Courses

COMP 430/533 • Introduction to Database Systems

This course is an introduction to relational and other (NoSQL) database systems, SQL programming, and database design.

The main goals of this course are for the student to:

1. Understand the benefits of using a database
2. Become familiar with database systems and terminology
3. Create well-designed databases and understand trade-offs
4. Develop proficiency in effectively managing data in a database
While the course is focused on developing skills as a database designer, it also includes discussions of database implementation details to enable students to understand underlying system functionality and how that impacts decisions a database designer makes.

Assignments in the course consist of theoretical and programming assignments, a semester long team project, and a number of in-class assessments.

COMP 543 • Graduate Tools & Models – Data Science

This course is an introduction to modern data science. Data science is the study of how to extract actionable, non-trivial knowledge from data. The course focuses on software tools used by practitioners of modern data science, the mathematical and statistical models that are employed in conjunction with such software tools and the applications of these tools and systems to different problems and domains.

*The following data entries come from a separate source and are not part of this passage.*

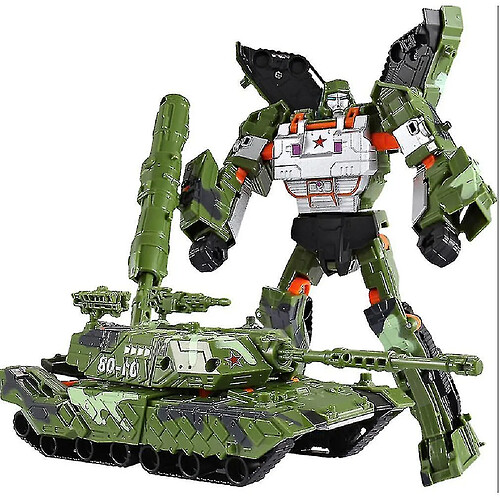 Robot voiture transformable jouet - Vert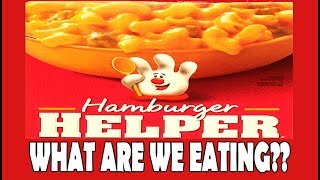 Hamburger Helper Microwave Singles Cheeseburger Macaroni  WHAT ARE WE EATING? WHY?  The Wolfe Pit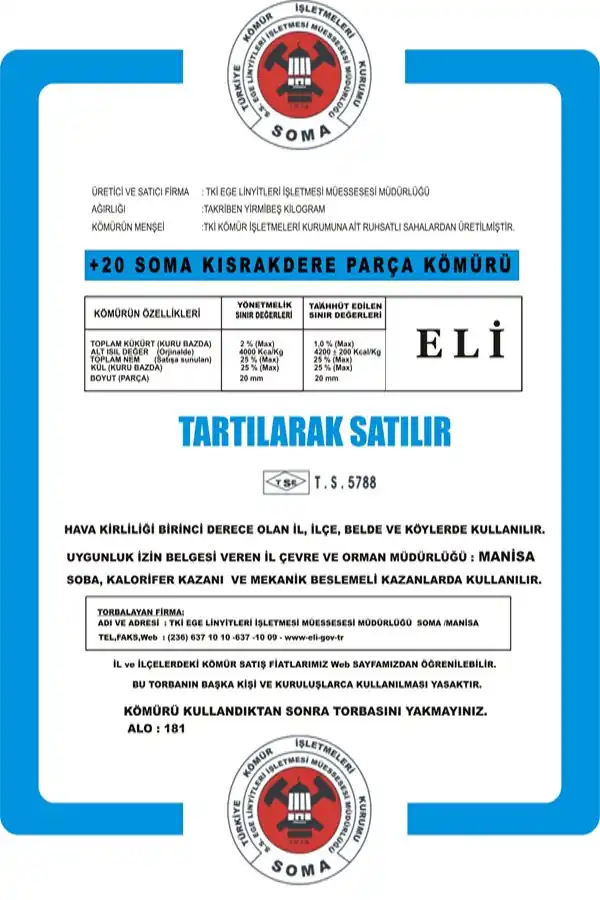 Soma Torba Kısrakdere Kömür 20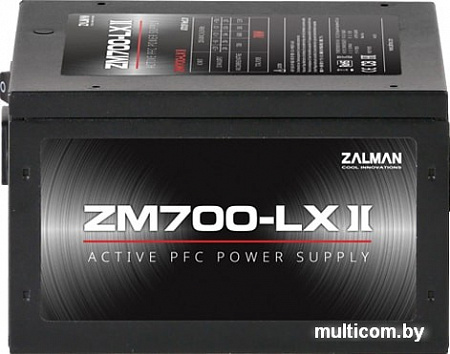 Блок питания Zalman ZM700-LXII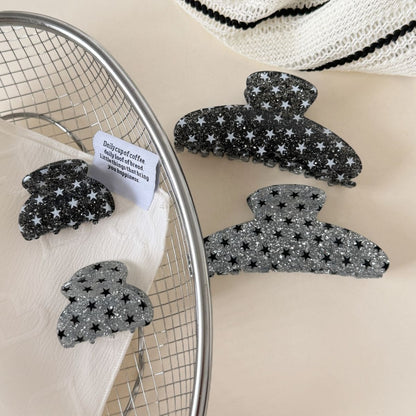 Beau - Sparkly Star Pattern Acrylic Claw Clip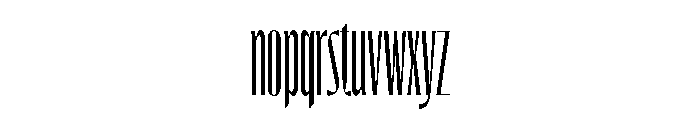 Digging BT Regular Font LOWERCASE
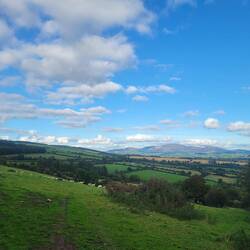We stopped at a lookout and the view was so beautiful.
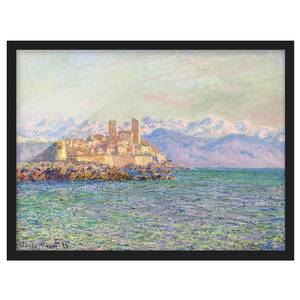 Afbeelding Monet Antibes-Le Fort I papier/grenenhout - turquoise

On the tools side, we will cover the basics of relational database systems, as well as modern systems for manipulating large data sets such as Apache Spark, and Google’s TensorFlow. On the models side, the course will cover standard supervised and unsupervised models for data analysis and pattern discovery. In particular, this class explores the use of these tools and models in the analysis of “big” data, that is datasets that are too large to be analyzed on a typical personal computer.

At the end of this course, students will understand the development and use of modern machine learning tools and will be able to implement machine learning algorithms using these tools. They will have basic skills in querying relational databases and will understand and be able to implement and use common data science models, including gradient descent, K-nearest neighbors, deep learning and more. They will also be familiar with the theoretical basis and underlying research that motivated the systems and models discussed in class.

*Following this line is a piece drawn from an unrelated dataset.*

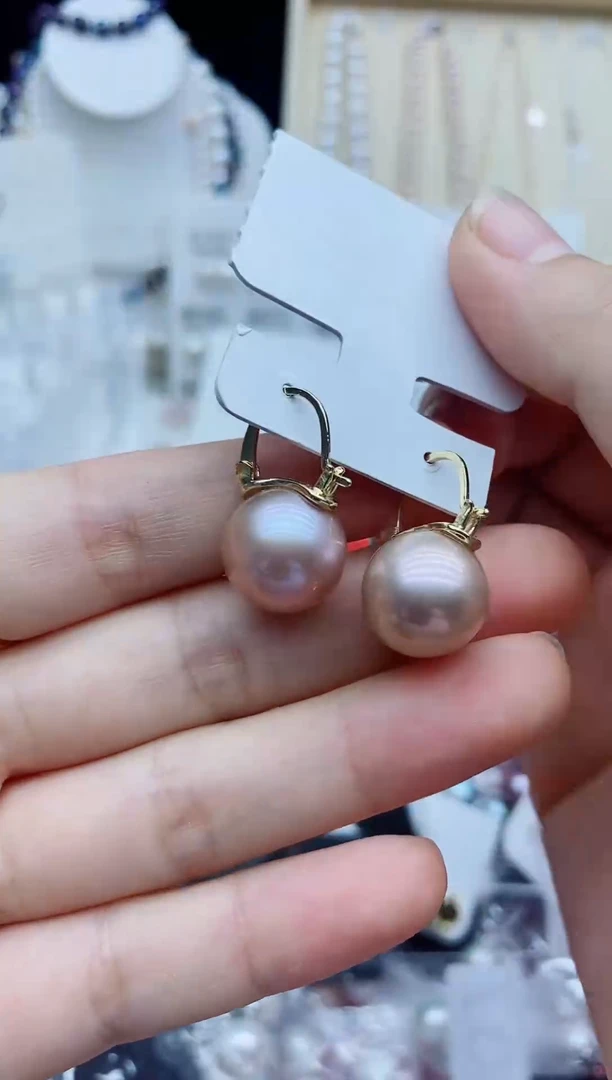 未镶嵌耳饰淡水珍珠耳钉多样性发其一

Assignments in this course consist of theoretical and programming assignments, written analyses of seminal research papers in the field, and hands-on labs.

A public version of the material for this course is available here: http://dstoolsandmodels.rice.edu

DSCI 302 • Data Science Tools and Models

This course is a core component of Rice Unviersity’s proposed Data Science minor. It is intended for non-Computer Science majors, and provides a carefully paced introduction to tools and models in modern data science. Data science is the study of how to extract actionable, non-trivial knowledge from data. The course focuses on software tools used by practitioners of modern data science, the mathematical and statistical models that are employed in conjunction with such software tools and the applications of these tools and systems to different problems and domains. In particular, we will cover relational database systems and Apache Spark, a distributed computing framework used in data science.

At the end of this course, students will understand the development and use of modern machine learning tools and will be able to implement machine learning algorithms using these tools. They will have basic skills in querying relational databases and will understand and be able to implement and use common data science models, including gradient descent and K-nearest neighbors. They will also be familiar with the theoretical basis that motivated the systems and models discussed in class.